“L’importante non è stabilire se uno ha ragione o meno,
è saper convivere con la propria paura e non farsi
condizionare dalla stessa. Ecco, il coraggio è questo, altrimenti
non è più coraggio, ma incoscienza” – Giovanni Falcone
Carlo e Ada
Sono le otto di un torrido venerdì di luglio, Carlo e Ada stanno per mettersi a tavola per la cena quando squilla il telefono. Carlo si precipita in corridoio per rispondere.
«Ciao babbo….»
«Ciao bambolina, come va, tutto bene?»
Dall’altra parte, a mille chilometri di distanza, sua figlia Amanda in quel momento si sente rincuorata dalla voce paterna che le parla come fosse ancora una bambina.
«Sì babbo, va bene. Sono alla stazione, sto partendo. Arrivo alle sette e mezzo domani mattina.»
«Qualcosa non va? Pensavo rientrassi la prossima settimana. »
«Ho solo voglia di tornare a casa per un po’ babbo… sarai contento!»
«Certo… Ti vengo a prendere allora.»
«No, stai tranquillo, che poi ti tocca correre per andare in ufficio.
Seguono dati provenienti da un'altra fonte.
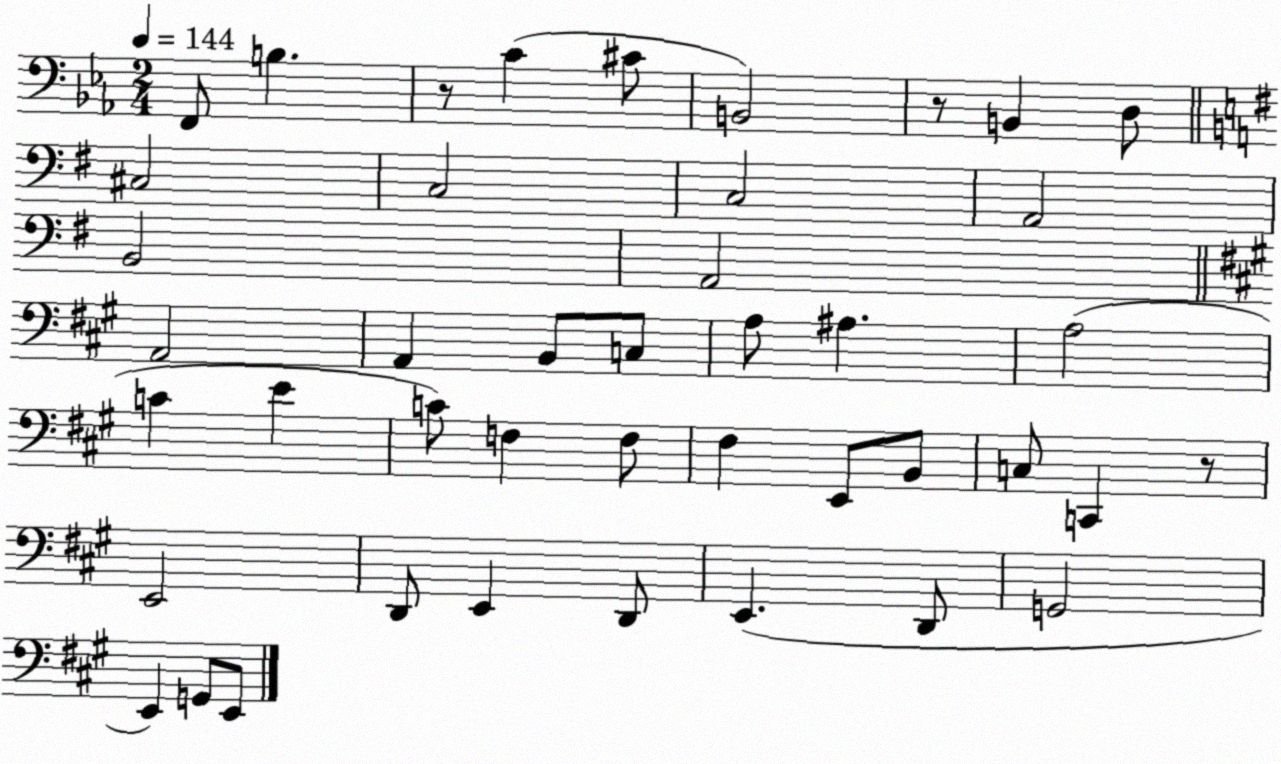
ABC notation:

X:1
T:Untitled
M:2/4
L:1/4
K:Eb
F,,/2 B, z/2 C ^C/2 B,,2 z/2 B,, D,/2 ^C,2 C,2 C,2 A,,2 B,,2 A,,2 A,,2 A,, B,,/2 C,/2 A,/2 ^A, A,2 C E C/2 F, F,/2 ^F, E,,/2 B,,/2 C,/2 C,, z/2 E,,2 D,,/2 E,, D,,/2 E,, D,,/2 G,,2 E,, G,,/2 E,,/2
Prendo un autobus; se il treno non ritarda sarò a casa prima che tu esca.»
«Come vuoi. Tanto comandi tu. Fa’ buon viaggio allora.»
«Grazie, da’ la buonanotte alla mamma, ci vediamo domani.»
«Ciao, piccola mia, a domani. Buonanotte.»
Questa è l’ultima volta che Carlo sentirà la voce di sua figlia.
Amanda e Loredana
Loredana e Amanda si conoscono alla stazione di Santa Maria Novella. Loredana è una studentessa al primo anno di università che dalla Calabria si è trasferita a Firenze per studiare. Amanda è una bella ragazza fiorentina che sta partendo per la Calabria dove conoscerà la famiglia di Carmine.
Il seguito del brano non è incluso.